Para o semiólogo argentino Walter Mignolo, a colonialidade do poder diz respeito a um controle da economia, da autoridade, da natureza e dos recursos naturais, do gênero e da sexualidade, e da subjetividade e do conhecimento. É necessário, portanto, romper com essa lógica e com essa rede de crenças. Nesse ponto, chamo a atenção para o fato de que a oposição entre ser humano e outros seres vivos e entre cultura e natureza tem sido danosa para o bem-estar do mundo, autorizando a exploração desvairada do meio ambiente e de praticamente todas as formas de vida.
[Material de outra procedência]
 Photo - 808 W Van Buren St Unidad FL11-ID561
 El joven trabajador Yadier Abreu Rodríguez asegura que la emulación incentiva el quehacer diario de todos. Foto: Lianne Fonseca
O engenheiro ambiental e pesquisador nascido na Martinica, Malcom Ferdinand, em seu livro "Uma ecologia decolonial: pensar a partir do mundo caribenho", defende que existe uma dupla fratura da modernidade – colonial e ambiental – que separa a história colonial da história ambiental do mundo.
Como consequência, ocorre uma espécie de hierarquização dos ecossistemas, dos animais e até mesmo dos indivíduos, causando toda sorte de injustiças ambientais, sociais e de gênero. Como forma de reverter esse processo marcado pela exploração e expropriação desmedidas dos territórios – que tem início nos finais do século XV com a colonização das Américas – Ferdinand defende a articulação dos movimentos ambientais e ecologistas com os movimentos pós-coloniais e antirracistas.
Em tempos de crise climática e de forte insegurança com relação ao futuro do planeta Terra, já passou da hora de nós latino-americanas superarmos a colonialidade do poder apostando em novos saberes e sensibilidades – teóricas e práticas – e estratégias genuínas de cuidado com o meio ambiente em sua totalidade e com os seres vivos, sem distinções.